*Work order*
Retype every line of the data, keeping each word exactly.

*Data*
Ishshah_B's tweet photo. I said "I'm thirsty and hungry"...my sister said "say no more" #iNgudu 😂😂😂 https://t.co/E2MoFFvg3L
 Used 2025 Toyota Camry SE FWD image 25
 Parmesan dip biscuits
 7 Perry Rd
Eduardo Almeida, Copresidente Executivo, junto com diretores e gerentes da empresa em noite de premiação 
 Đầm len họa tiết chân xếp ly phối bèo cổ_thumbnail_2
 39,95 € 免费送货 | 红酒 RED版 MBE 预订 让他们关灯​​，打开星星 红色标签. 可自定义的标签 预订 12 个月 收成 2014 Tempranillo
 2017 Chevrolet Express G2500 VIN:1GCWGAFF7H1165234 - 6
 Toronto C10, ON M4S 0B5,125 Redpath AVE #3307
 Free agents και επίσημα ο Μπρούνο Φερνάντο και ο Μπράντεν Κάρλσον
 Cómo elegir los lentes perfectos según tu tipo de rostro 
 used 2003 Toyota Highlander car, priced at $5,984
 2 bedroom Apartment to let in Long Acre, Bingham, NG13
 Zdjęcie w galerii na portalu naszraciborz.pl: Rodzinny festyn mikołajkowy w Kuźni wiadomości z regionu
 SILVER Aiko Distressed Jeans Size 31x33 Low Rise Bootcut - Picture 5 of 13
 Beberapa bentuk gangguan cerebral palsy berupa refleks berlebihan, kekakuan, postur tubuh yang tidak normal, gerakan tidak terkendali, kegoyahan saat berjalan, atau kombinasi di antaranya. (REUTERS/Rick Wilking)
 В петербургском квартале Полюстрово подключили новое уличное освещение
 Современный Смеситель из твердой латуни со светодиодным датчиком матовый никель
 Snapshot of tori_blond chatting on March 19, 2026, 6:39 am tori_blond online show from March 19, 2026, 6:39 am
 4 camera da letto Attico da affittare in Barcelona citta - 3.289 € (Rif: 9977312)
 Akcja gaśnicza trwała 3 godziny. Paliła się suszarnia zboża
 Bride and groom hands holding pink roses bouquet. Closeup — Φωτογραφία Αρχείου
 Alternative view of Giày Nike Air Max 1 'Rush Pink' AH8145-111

*Your response*
Ishshah_B's tweet photo. I said "I'm thirsty and hungry"...my sister said "say no more" #iNgudu 😂😂😂 https://t.co/E2MoFFvg3L
 Used 2025 Toyota Camry SE FWD image 25
 Parmesan dip biscuits
 7 Perry Rd
Eduardo Almeida, Copresidente Executivo, junto com diretores e gerentes da empresa em noite de premiação 
 Đầm len họa tiết chân xếp ly phối bèo cổ_thumbnail_2
 39,95 € 免费送货 | 红酒 RED版 MBE 预订 让他们关灯​​，打开星星 红色标签. 可自定义的标签 预订 12 个月 收成 2014 Tempranillo
 2017 Chevrolet Express G2500 VIN:1GCWGAFF7H1165234 - 6
 Toronto C10, ON M4S 0B5,125 Redpath AVE #3307
 Free agents και επίσημα ο Μπρούνο Φερνάντο και ο Μπράντεν Κάρλσον
 Cómo elegir los lentes perfectos según tu tipo de rostro 
 used 2003 Toyota Highlander car, priced at $5,984
 2 bedroom Apartment to let in Long Acre, Bingham, NG13
 Zdjęcie w galerii na portalu naszraciborz.pl: Rodzinny festyn mikołajkowy w Kuźni wiadomości z regionu
 SILVER Aiko Distressed Jeans Size 31x33 Low Rise Bootcut - Picture 5 of 13
 Beberapa bentuk gangguan cerebral palsy berupa refleks berlebihan, kekakuan, postur tubuh yang tidak normal, gerakan tidak terkendali, kegoyahan saat berjalan, atau kombinasi di antaranya. (REUTERS/Rick Wilking)
 В петербургском квартале Полюстрово подключили новое уличное освещение
 Современный Смеситель из твердой латуни со светодиодным датчиком матовый никель
 Snapshot of tori_blond chatting on March 19, 2026, 6:39 am tori_blond online show from March 19, 2026, 6:39 am
 4 camera da letto Attico da affittare in Barcelona citta - 3.289 € (Rif: 9977312)
 Akcja gaśnicza trwała 3 godziny. Paliła się suszarnia zboża
 Bride and groom hands holding pink roses bouquet. Closeup — Φωτογραφία Αρχείου
 Alternative view of Giày Nike Air Max 1 'Rush Pink' AH8145-111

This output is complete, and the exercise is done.